Solar cells are like a "sandwich"
We have described the discovery of the photoelectric effect, and we know how to produce the photoelectric effect, but how can the electrons produced be used by us?
This brings us to another concept - energy leap.
The atom is composed of the nucleus and electrons outside the nucleus, the electrons outside the nucleus are not scattered, but follow the physics principle of layered arrangement, near the nucleus of the electron energy is low, the more away from the nucleus of the electron energy is higher, different layers of electron energy is different, these energy values are also known as "energy levels".
Under normal conditions, electrons outside the nucleus always tend to be arranged with the lowest total energy, so that the electron is in the "ground state". When an atom in the ground state receives some form of energy (e.g., a photon), it spontaneously moves to a higher energy level, which is called an energy leap, and the electron is said to be in the "excited state.
But unfortunately, the electron in the excited state is not stable and has a tendency to jump to lower energy levels, and the excess energy of the electron is dissipated in the form of light or heat.

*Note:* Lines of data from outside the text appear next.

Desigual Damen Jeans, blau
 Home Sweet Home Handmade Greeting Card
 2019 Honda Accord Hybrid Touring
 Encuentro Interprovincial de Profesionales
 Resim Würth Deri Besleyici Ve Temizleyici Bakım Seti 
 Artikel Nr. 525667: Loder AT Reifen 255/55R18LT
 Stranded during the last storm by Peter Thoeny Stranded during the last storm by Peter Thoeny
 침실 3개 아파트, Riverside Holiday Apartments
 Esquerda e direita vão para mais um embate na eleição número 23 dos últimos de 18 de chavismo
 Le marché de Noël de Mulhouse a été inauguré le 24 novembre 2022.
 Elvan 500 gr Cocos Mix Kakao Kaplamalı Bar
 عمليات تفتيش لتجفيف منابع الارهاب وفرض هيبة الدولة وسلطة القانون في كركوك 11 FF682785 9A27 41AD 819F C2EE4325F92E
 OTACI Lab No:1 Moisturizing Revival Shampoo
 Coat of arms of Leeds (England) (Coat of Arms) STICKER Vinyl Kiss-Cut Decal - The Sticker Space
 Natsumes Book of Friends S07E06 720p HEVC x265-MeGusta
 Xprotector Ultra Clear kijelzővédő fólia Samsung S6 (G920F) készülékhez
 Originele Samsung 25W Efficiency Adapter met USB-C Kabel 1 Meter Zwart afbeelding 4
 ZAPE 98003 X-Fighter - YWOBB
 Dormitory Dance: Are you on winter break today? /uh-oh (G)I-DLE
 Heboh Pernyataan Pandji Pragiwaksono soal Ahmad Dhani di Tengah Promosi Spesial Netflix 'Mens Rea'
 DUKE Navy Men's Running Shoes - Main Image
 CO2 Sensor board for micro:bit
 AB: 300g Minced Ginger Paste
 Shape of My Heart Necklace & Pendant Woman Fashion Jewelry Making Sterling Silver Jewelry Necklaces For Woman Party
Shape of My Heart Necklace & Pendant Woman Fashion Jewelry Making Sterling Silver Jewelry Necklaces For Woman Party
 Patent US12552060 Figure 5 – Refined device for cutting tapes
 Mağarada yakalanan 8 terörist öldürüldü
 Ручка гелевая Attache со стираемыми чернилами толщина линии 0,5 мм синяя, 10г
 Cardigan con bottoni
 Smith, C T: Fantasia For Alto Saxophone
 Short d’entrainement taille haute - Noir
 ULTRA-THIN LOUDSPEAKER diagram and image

No, the energy is dissipated, we still do not get electricity, right?
Don't worry, in order to conduct the current generated by the photoelectric effect, we need to build a suitable device structure, which is often referred to as solar cells.
The device structure is shaped like a sandwich, the active layer with the photoelectric effect is sandwiched between the electron transport layer and the hole (the local electron deficient part formed after the electron leap is called hole) transport layer, and the two ends are electrode materials, usually metal and indium tin oxide (ITO).
After receiving some form of energy (such as photons), the atoms in the ground state will spontaneously transfer to a higher energy level, which is the energy level jump, and the electron after the jump is said to be in the "excited state". Because the excited state energy level of the electron transport layer is slightly lower than that of the active layer, so the electrons in the excited state of the active layer are easily transferred to the electron transport layer, rather than back to the ground state of the active layer; and the ground state of the hole transport layer is slightly higher than the electron energy of the ground state of the active layer, the electrons have a tendency to transfer to the ground state of the active layer.
This is like setting a small step for the electron, so that the electron just "lift the foot" and step over, rather than a difficult jump (leap), so the whole process is easy to achieve.
With the effective coordination of the electron transport layer and the hole transport layer, the entire device forms a complete circuit and the electrons generated in the active layer can be exported for our use.